Effect of continuous high temperature exposure on the adhesive strength of epoxy adhesive, CFRP and adhesively bonded CFRP-aluminum alloy joints

To investigate the degradation mechanism of adhesively bonded CFRP (carbon fiber reinforced plastics)-aluminum alloy joints applied to high speed EMUs (electric multiple units) after experiencing continuous high temperature environment, bulk specimens, CFRP plates and adhesive joints, including thick-adherend shear joints (TSJs), scarf joints (SJs) with scarf angle 45° (SJ45°) and butt joints (BJs) were exposed at 80 °C for 30 days and then tested every 10 days. Chemical analysis, such as fourier transform infrared spectroscopy (FTIR), thermogravimetric Analysis (TGA) and differential scanning calorimeter (DSC) were conducted to analyze the variations of composition, glass transformation temperature (Tg) and thermal stability of the adhesive Araldite® 2015 and CFRP. Bulk specimens were also used to investigate the mechanical properties (failure strength, Young's modulus, strain) of the adhesive Araldite® 2015. The failure strength of CFRP after thermal exposure was tested with consideration of different surface treatments, and scanning electron microscopy (SEM) was also used to investigate the fracture surfaces of CFRP. The failure strength and failure surfaces of CFRP- aluminum alloy joints were analyzed to study the rules of degradation process.
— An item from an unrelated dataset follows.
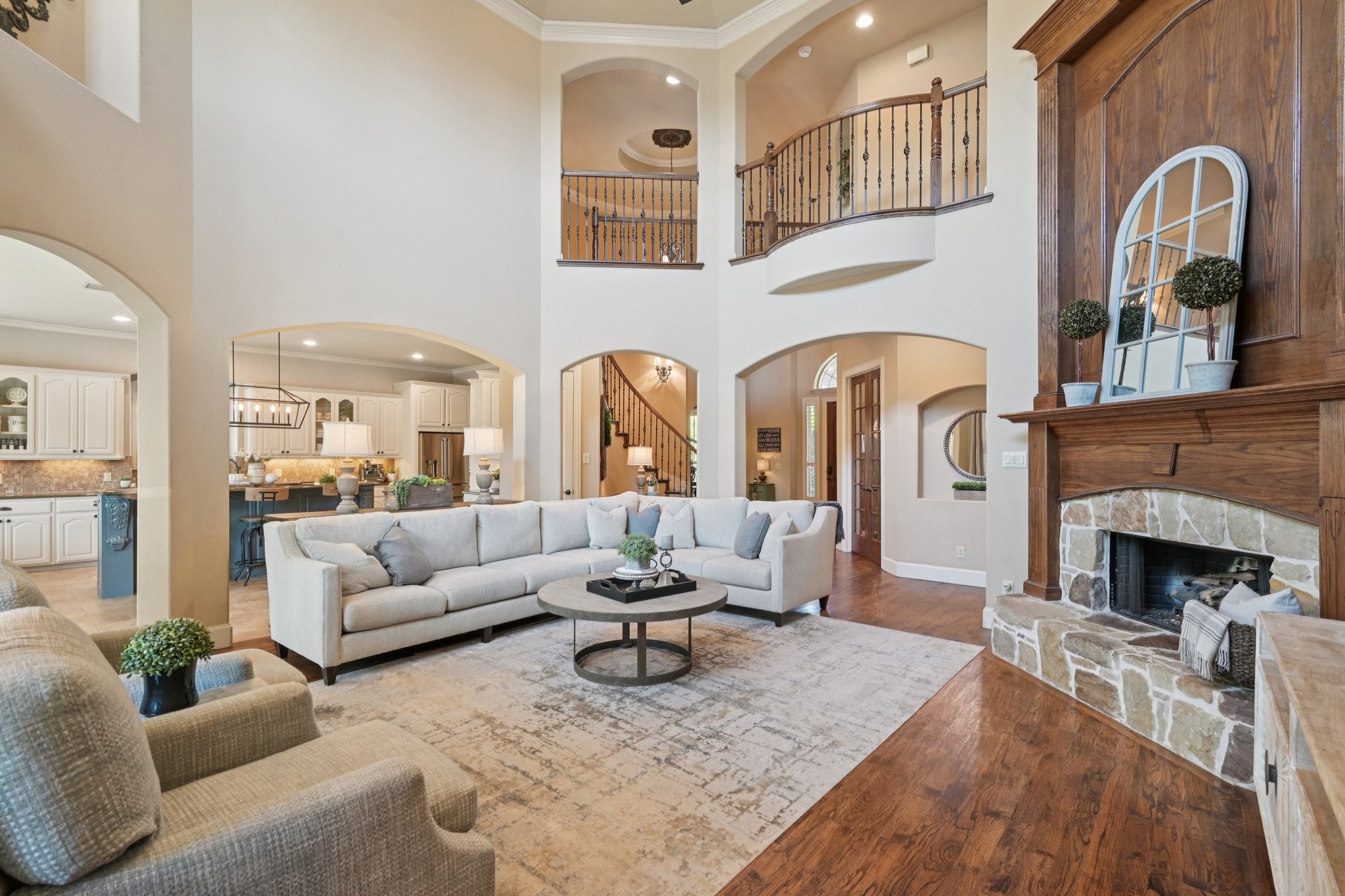 3399 Waycross Lane Frisco TX 75033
The results show that the post curing behavior of the adhesive Araldite® 2015 was verified by the composition analysis, leading to the obvious improvement of Tg, thermal stability, tensile strength and Young's modulus. However, CFRP degraded after thermal exposure, resulting in the slight decreases of Tg and thermal stability. The shear and normal strength of degraded CFRP dropped sharply because of the modification of epoxy matrix and decrease of interlaminar strength, although it regained to approximately 90% of unaged CFRP after the improvement of surface roughness. For adhesively bonded CFRP-aluminum alloy joints, with increasing proportion of normal stress and exposure time, the failure strength of adhesively declined faster because of the larger areas of fiber tear and interface failure, illustrating that the effect of CFRP degradation and interface failure were more obvious than that of post curing behavior of the adhesive Araldite® 2015. Therefore, CFRP degradation and interface failure were the main causes for the degradation of adhesively bonded CFRP-aluminum alloy joints subjected to thermal environment.